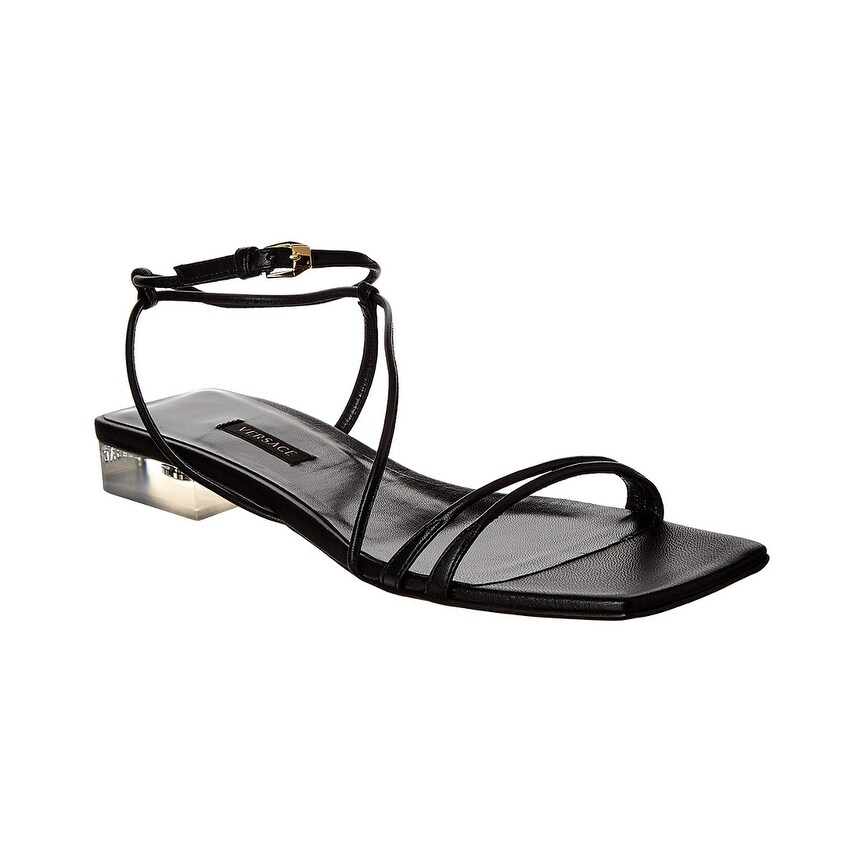 versace plexi sandals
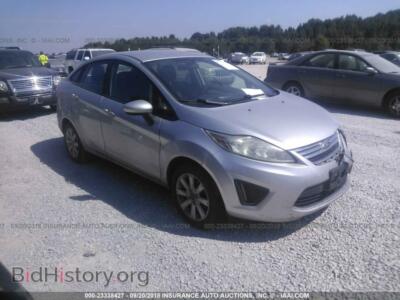 2012 Ford FIESTA, silver — VIN 3FADP4BJ8CM215384, IAAI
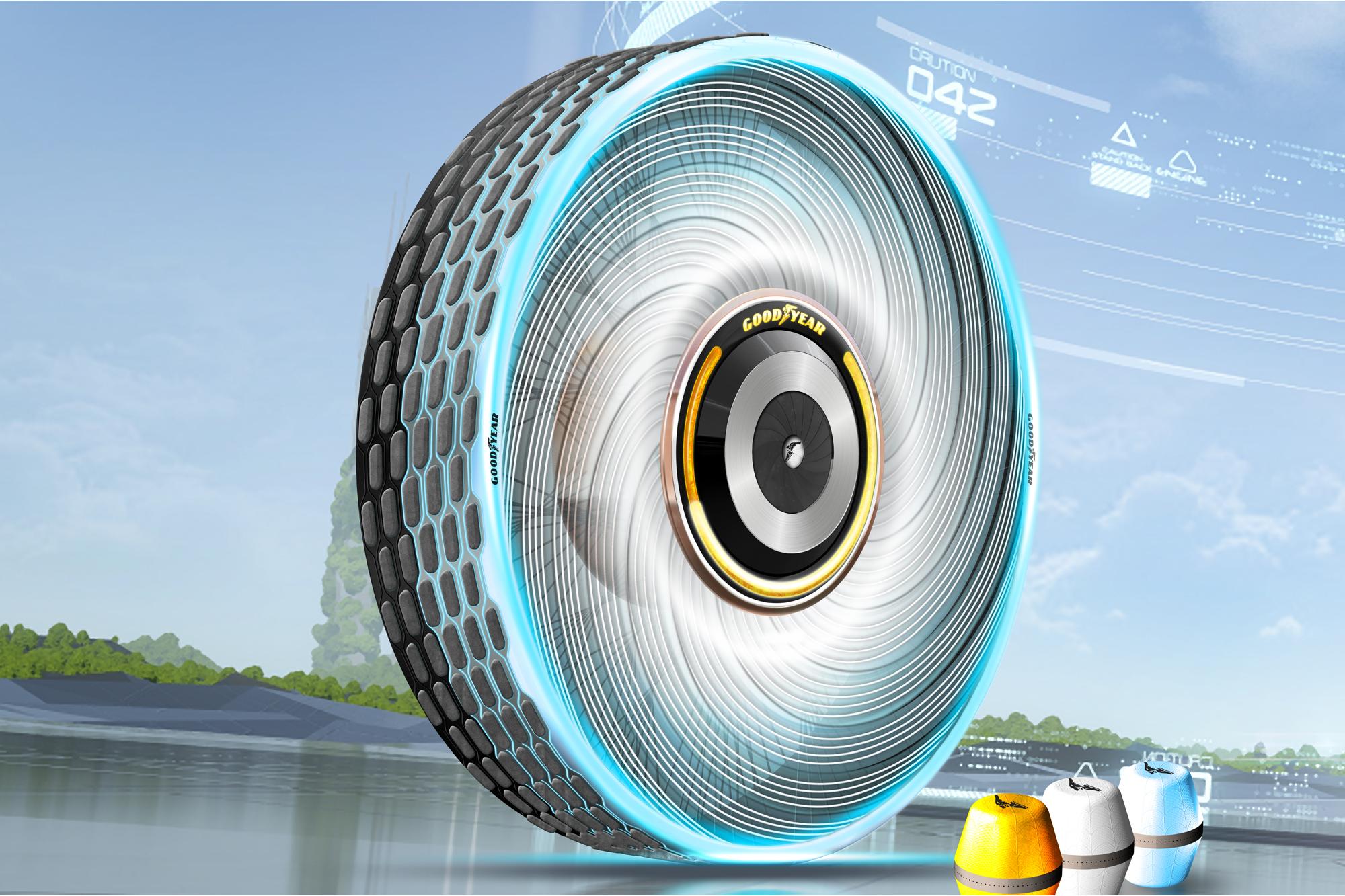 Νέο Πρωτότυπο Ελαστικό Goodyear reCharge
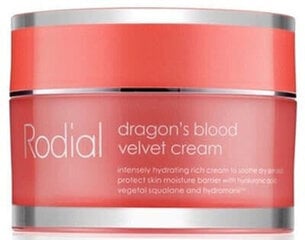 Niisutav ja toitev näokreem Rodial Dragon's Blood Velvet Cream, 50 ml цена и информация | Кремы для лица | kaup24.ee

────────────────────

§ WORK TO COMPLETE
Leave every picture out and set down exactly the lines running from the one with "2012 Ford FIESTA, silver" to the last line of the material above.

§ RESULT FOR THIS TASK
 2012 Ford FIESTA, silver — VIN 3FADP4BJ8CM215384, IAAI
 Νέο Πρωτότυπο Ελαστικό Goodyear reCharge
 Niisutav ja toitev näokreem Rodial Dragon's Blood Velvet Cream, 50 ml цена и информация | Кремы для лица | kaup24.ee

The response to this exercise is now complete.